6AMLD, also known as the Sixth Anti-Money Laundering Directive and is an important plan of the EU framework to counter money laundering and terrorist financing. By developing 6AMLD, the aim is to create better cooperation between EU Member States and thus ensure that companies and institutions increase their accountability when it comes to combating money laundering.
To successfully navigate the requirements of 6AMLD, companies must prioritize the integration of a robust Know Your Customer (KYC) strategy, which includes Customer Due Diligence (CDD), into their overall compliance framework to verify the identities of their clients, assess potential risks, and monitor financial transactions for suspicious activity and red flags.
A well implemented KYC and CDD process not only aligns with regulatory expectations but also strengthens the organization’s ability to combat financial crime effectively.
First and foremost, companies should enhance their customer identification procedures to ensure accurate verification of client identities. This includes collecting comprehensive information during the onboarding process and regularly updating this data to reflect any changes in circumstances.

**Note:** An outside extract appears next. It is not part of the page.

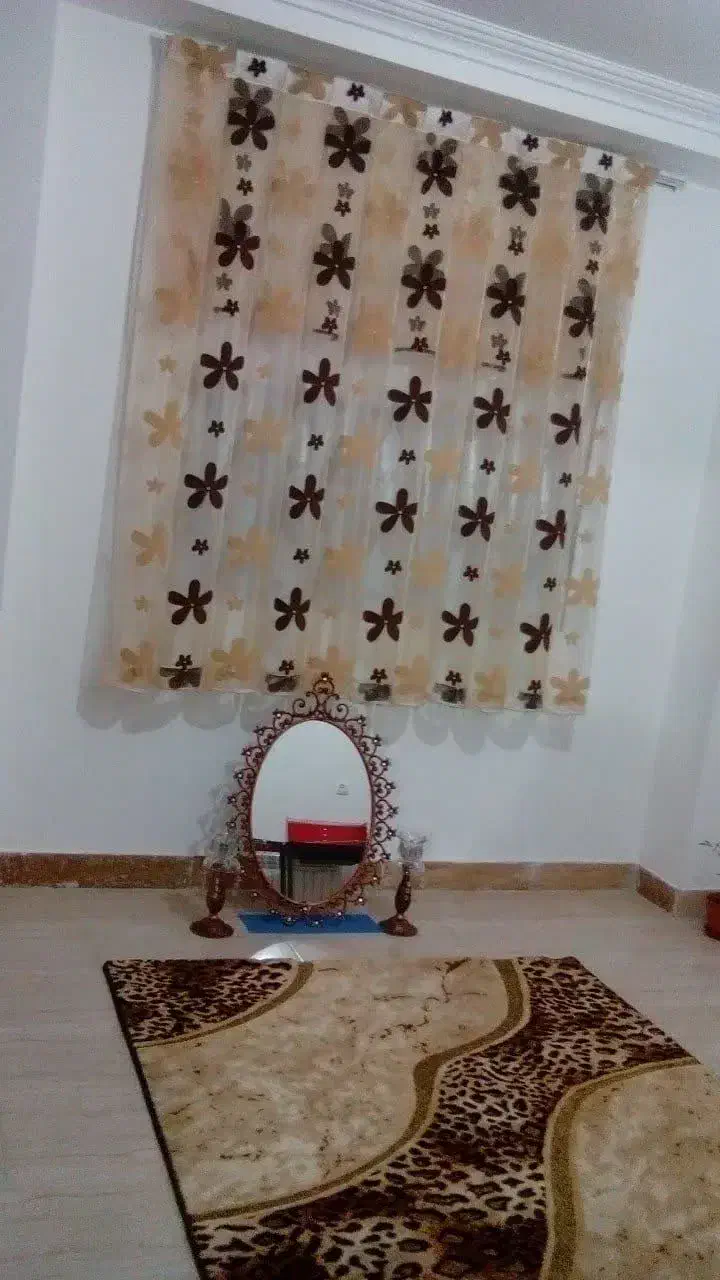 پرده حریر خوشگل|پرده، رانر، رومیزی|آمل, |دیوار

Additionally, a thorough risk assessment should be conducted to categorize customers based on their potential risk levels. By understanding the unique risks associated with different customer profiles, companies can tailor their Know Your Customer monitoring efforts to combat Anti-Money Laundering, detect terrorist financing, and identify potential frauds, focusing resources where they are needed most to effectively address suspicious activities.
What is 6AMLD?
The Sixth Anti-Money Laundering Directive (6AMLD) plays an important role in the EU's strategy to combat money laundering and the financing of terrorism. This directive was approved in October 2018 and came into effect in December 2020.
From 5AMLD to 6AMLD
5AMLD, with its focus on increased transparency and broader scope, represented a big step forward. But the world has not stayed the same, and neither has the EU. Just as fraudsters evolve and improve, so too must AML regulation become safer and better. When 6AMLD came into force, new elements were added to the regulations.
Key Changes Under 6AMLD
Annual profits from organized crime are estimated to range between 92 billion and 188 billion EUR. Each year, it increases.

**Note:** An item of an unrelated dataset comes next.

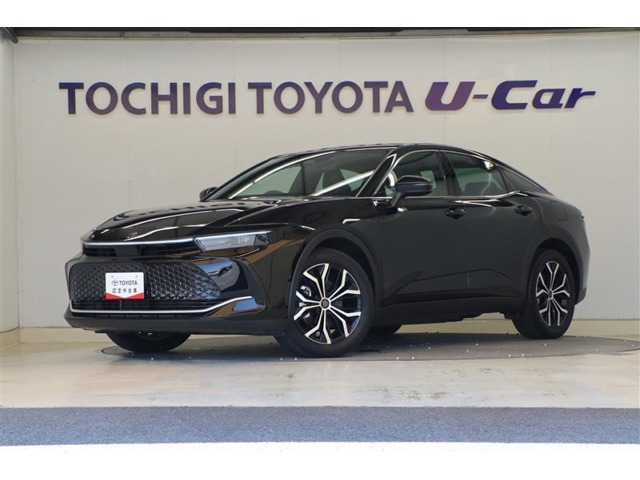 クラウンクロスオーバー 2.5 G アドバンスト E-Four 4WD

The primary focus of 6AMLD is to address legal loopholes and weak regulations exploited by financial criminals. This includes addressing with cyber offenses, identifying Ultimate Beneficial Owners (UBOs), regulating cross-border corporations and addressing environmental crime. Additionally, 6AMLD holds corporations accountable for past wrongdoings.
This directive goes beyond a simple legal adjustment, it serves as a powerful tool to safeguard the credibility of financial systems. Organizations should strengthen KYC and CDD screening measures. By doing so, 6AMLD aims to combat the complex processes of money laundering and predicate offence.
Ultimately, it seeks to promote secure cross border trade and strengthen overall financial integrity.
The Sixth EU Anti-Money Directive
6AMLD became active on June 3, 2021 and is called the Sixth Directive because there are five other directives that came before it. 6AMLD is the most recently developed regulation adapted by the European Union.
1AMLD:
The European Commission assesses risks to protect the EU internal market. The first Anti-Money Laundering Directive (1AMLD), adopted in 1990, aims to prevent the financial system from being exploited for money laundering. It requires obligated entities to conduct customer due diligence by identifying and verifying clients, monitoring transactions, and reporting suspicious activities.
2AMLD:
In 2001, the EU introduced the 2nd Anti-money Laundering Directive (2AMLD) to align its anti-money laundering framework with international standards, particularly those of the Financial Action Task Force (FATF). The directive expanded the types of offenses related to money laundering and identified high-risk businesses for closer monitoring
3AMLD:
In 2005, the EU introduced the 3rd Anti-Money Laundering Directive (3AMLD) to broaden the scope of anti-money laundering efforts. This directive included certain non-financial businesses and professions, such as legal services and accounting firms, under its regulations.
4AMLD:
In 2017, the 4th Anti-Money Laundering Directive (4AMLD) enhances the provisions of the 3AMLD. It aims to combat illegal financial activity by promoting transparency among financial institutions and holding them accountable for financial crimes.